Dataset records>
..........
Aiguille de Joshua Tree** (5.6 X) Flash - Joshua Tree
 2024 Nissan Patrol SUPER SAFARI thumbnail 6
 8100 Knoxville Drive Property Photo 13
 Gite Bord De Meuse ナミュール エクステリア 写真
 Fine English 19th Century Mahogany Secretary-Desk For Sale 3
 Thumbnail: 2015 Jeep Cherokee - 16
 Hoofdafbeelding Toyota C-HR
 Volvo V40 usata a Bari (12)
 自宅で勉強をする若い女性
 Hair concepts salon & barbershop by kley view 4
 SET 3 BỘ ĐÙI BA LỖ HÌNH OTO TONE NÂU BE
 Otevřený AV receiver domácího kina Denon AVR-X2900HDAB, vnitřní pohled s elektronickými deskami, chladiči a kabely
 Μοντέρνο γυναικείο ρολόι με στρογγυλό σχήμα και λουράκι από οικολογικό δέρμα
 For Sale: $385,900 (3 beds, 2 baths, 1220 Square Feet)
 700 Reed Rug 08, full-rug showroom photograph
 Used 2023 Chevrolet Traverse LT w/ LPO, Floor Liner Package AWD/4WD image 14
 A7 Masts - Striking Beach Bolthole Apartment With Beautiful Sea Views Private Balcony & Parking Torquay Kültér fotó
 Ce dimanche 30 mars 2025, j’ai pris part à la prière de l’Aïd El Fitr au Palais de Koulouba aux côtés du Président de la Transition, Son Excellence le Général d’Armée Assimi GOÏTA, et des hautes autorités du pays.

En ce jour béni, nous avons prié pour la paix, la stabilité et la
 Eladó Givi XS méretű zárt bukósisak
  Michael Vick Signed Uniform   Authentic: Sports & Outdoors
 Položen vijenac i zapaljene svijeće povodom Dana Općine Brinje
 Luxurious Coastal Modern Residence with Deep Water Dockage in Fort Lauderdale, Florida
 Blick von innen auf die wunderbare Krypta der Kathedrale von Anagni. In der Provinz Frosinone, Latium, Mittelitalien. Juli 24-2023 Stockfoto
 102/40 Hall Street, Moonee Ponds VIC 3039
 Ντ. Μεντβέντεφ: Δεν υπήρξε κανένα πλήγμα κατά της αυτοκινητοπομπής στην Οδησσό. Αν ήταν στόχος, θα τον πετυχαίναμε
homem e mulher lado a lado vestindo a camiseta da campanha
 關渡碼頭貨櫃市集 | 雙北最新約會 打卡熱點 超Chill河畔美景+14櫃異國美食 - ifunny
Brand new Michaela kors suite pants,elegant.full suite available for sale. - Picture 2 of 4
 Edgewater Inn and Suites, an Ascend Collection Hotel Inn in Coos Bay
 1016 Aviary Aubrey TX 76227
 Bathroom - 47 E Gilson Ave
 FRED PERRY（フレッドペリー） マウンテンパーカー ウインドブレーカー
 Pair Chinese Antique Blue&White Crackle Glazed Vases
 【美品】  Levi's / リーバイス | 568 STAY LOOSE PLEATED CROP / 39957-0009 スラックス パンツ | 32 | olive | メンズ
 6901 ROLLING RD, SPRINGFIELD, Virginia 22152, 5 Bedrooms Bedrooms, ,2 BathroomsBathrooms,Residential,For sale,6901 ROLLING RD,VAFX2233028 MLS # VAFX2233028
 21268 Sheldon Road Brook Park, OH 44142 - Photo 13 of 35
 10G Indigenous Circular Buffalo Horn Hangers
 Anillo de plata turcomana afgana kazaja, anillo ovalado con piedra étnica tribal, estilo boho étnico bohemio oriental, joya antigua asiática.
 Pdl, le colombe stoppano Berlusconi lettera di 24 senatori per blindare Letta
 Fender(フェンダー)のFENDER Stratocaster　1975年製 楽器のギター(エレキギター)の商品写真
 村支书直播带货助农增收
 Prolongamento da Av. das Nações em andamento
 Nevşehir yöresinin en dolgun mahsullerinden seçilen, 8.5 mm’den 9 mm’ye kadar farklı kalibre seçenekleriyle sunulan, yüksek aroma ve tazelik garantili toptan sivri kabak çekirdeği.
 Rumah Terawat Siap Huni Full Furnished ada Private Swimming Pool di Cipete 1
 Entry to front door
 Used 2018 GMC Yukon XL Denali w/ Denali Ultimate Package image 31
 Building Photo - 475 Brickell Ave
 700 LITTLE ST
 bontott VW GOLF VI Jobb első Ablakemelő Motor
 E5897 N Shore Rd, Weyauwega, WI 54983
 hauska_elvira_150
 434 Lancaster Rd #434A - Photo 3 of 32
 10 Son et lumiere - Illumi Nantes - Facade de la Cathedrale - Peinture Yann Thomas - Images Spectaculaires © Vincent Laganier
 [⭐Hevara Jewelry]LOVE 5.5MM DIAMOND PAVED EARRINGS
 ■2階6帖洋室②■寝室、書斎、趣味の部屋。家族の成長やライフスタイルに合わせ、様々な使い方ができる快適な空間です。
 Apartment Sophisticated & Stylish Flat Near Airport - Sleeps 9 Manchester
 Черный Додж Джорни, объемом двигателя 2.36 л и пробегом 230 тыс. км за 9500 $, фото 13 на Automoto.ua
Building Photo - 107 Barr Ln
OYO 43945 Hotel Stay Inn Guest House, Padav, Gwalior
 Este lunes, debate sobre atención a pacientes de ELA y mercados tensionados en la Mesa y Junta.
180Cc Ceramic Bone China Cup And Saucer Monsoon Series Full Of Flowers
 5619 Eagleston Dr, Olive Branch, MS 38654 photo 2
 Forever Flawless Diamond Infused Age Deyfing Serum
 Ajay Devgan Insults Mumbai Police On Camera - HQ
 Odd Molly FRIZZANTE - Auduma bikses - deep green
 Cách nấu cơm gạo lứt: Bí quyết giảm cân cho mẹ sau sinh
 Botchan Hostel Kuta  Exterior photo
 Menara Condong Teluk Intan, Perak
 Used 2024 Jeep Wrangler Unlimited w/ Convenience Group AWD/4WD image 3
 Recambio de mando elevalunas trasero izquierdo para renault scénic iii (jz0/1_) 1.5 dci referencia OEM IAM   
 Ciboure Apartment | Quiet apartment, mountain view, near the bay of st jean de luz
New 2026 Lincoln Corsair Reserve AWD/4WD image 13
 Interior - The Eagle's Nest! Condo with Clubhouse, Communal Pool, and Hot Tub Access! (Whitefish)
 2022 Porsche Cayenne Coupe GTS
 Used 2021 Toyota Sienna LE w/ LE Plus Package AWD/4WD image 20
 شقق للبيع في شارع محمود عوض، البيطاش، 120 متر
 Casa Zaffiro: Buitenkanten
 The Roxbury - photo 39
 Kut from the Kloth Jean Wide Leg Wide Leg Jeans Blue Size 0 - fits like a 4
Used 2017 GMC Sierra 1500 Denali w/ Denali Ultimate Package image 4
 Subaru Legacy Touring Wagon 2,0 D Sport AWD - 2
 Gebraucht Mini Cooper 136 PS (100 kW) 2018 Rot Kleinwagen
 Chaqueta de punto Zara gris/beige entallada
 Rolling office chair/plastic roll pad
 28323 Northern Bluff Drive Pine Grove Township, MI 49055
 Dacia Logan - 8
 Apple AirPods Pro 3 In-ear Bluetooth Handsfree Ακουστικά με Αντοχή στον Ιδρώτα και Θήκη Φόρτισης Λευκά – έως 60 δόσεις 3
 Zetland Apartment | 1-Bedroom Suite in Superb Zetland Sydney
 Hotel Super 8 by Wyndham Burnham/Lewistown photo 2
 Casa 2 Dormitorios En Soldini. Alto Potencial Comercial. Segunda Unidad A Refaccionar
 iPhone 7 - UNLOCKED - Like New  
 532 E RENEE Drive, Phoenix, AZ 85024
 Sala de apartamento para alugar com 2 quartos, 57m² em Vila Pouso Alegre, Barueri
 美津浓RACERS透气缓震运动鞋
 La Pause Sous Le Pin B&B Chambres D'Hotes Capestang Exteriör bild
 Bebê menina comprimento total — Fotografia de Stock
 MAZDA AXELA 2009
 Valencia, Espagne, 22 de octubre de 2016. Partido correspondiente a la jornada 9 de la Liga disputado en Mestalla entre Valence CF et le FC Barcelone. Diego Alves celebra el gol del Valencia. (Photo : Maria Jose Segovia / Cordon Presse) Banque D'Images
..........
EXERCISE AIM> Using the entries above, return exactly the lines from the line with "Cách nấu cơm" to the line with "Used 2024 Jeep", counting both of those lines.

RESPONSE BELOW>
 Cách nấu cơm gạo lứt: Bí quyết giảm cân cho mẹ sau sinh
 Botchan Hostel Kuta  Exterior photo
 Menara Condong Teluk Intan, Perak
 Used 2024 Jeep Wrangler Unlimited w/ Convenience Group AWD/4WD image 3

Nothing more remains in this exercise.